THE WATCH STAFF
The United States, Canada and seven other NATO nations carried out a successful hunt for submarines during joint exercise Dynamic Mongoose, which is held every summer in the Norwegian Sea.
Denmark, France, Germany, Netherlands, Norway, Portugal and the United Kingdom also took part in the June 13-24, 2022, anti-submarine warfare training conducted by NATO’s Allied Maritime Command (MARCOM). The exercise included three submarines, 11 surface ships and 16 maritime patrol aircraft.
“The coordination between ships, submarines and aircraft can be difficult but is the most effective way to detect and track submarines,” Royal Netherlands Navy Commodore A. van de Sande, commander of the participating Standing NATO Maritime Group 1 (SNMG1), said in a June 24 MARCOM news release. (Pictured: Surface warships and submarines participate in Dynamic Mongoose on June 19.)
Dynamic Mongoose focused on active tracking — “sending sound waves through the Atlantic depths in the hope of striking a submarine and getting a ‘ping’ back — rather than a passive search, simply listening for a submarine,” according to a June 24 Royal Navy news release.
“Dynamic Mongoose has enabled Group 1 to refine its ability to locate, track and prosecute threat submarines, a threat delivered by three very different types of submarines [two diesel boats and a U.S. nuclear-powered hunter-killer] for the task group to practice its skills against,” said Lt. Cmdr. Tony Kane, the senior warfare officer on the Royal Navy (RN) frigate HMS Portland, one of the surface vessels involved in the hunt, according to the RN news release.
The participation of the Portland showed how NATO, in the words of Adm. Robert Burke, commander of U.S. Naval Forces Europe, has “extremely high-end capable allies and partners with navies that … operate just like the U.S. Navy and operate with us every day.”
Burke made his comments at an event held by the Center for Strategic and International Studies, according to a February 8, 2021, story by the Insider news website. The U.K. and France are “two extremely reliable, extremely capable partners,” and Canada and Norway “contribute significantly to the theater undersea warfare fight,” Burke said. Denmark is expanding its capabilities.
U.S. Navy Rear Adm. Stephen Mack, commander of NATO submarine forces, coordinated Dynamic Mongoose from MARCOM headquarters in England, where he led a team from the alliance’s 13 submarine nations: Canada, France, Germany, Greece, Italy, Netherlands, Norway, Spain, Poland, Portugal, Turkey, U.K. and U.S.

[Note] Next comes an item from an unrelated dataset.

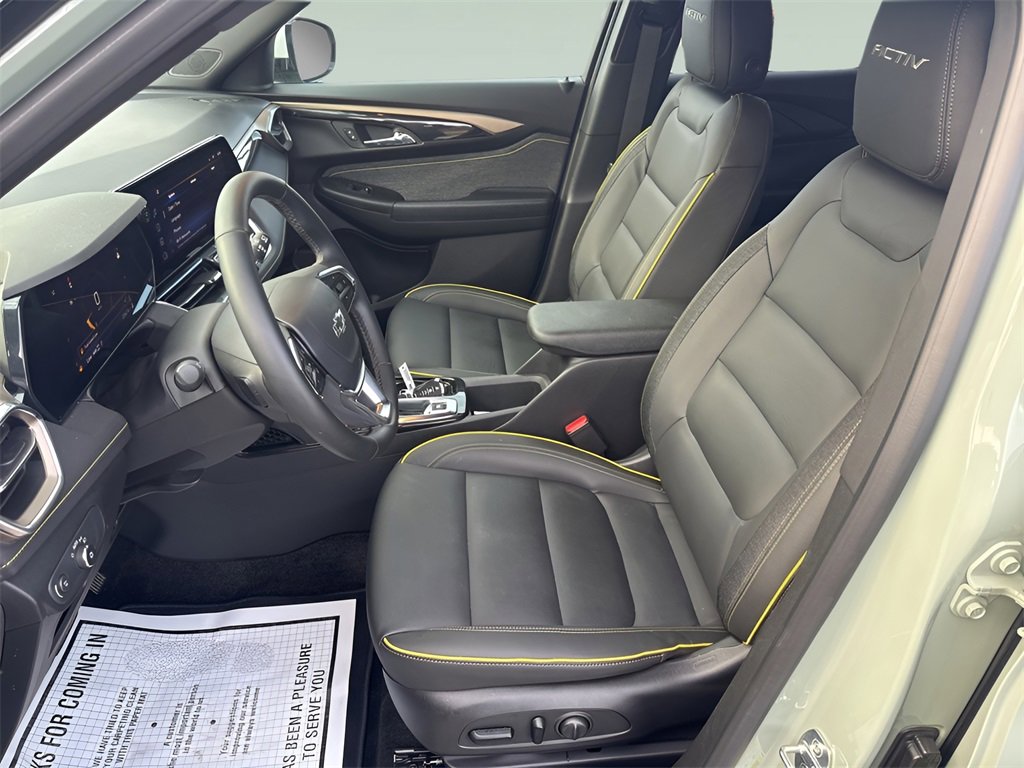 Used 2024 Chevrolet TrailBlazer ACTIV image 16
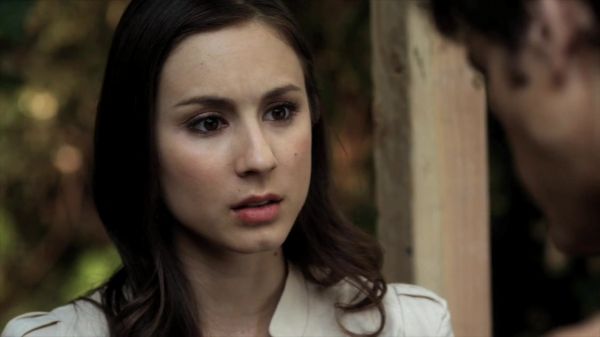 Pretty_Little_Liars_S02x03_720p_Bluray_Dual_PauloADM_1555.jpg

The exercise took place in the GIUK Gap between Iceland and Norway in the northern Atlantic. The name is an acronym for Greenland, Iceland and the United Kingdom with the gap being the two stretches of open ocean between these three landmasses, according to “Forgotten Waters: Minding the GIUK Gap,” a 2017 report from the Center for a New American Security (CNAS).
“The GIUK Gap forms the principal chokepoint between Russia’s great Northern Fleet [based in the Arctic] and its strategic interests in the North Atlantic and all points south,” the CNAS said. Russian ships must cross the GIUK Gap to reach the Atlantic.
Dynamic Mongoose — one of two large-scale anti-submarine NATO exercises — tests collective abilities in the open and deep waters of the Norwegian Sea and North Atlantic. Dynamic Manta, held this year off Sicily, does the same, but in the warmer and more confined Mediterranean. The depth, temperature and ocean salinity have an impact on the effectiveness of sonar, according to a June 16 RN news release.
“Dynamic Mongoose 22 has shown us that the combined efforts of these world-leading anti-submarine warfare capabilities are a force to be reckoned with,” said Lewis Hunter, an HMS Portland underwater warfare specialist, according to the RN news release. “All arms anti-submarine warfare is the new normal as we continue to regain operational advantage in the North Atlantic.”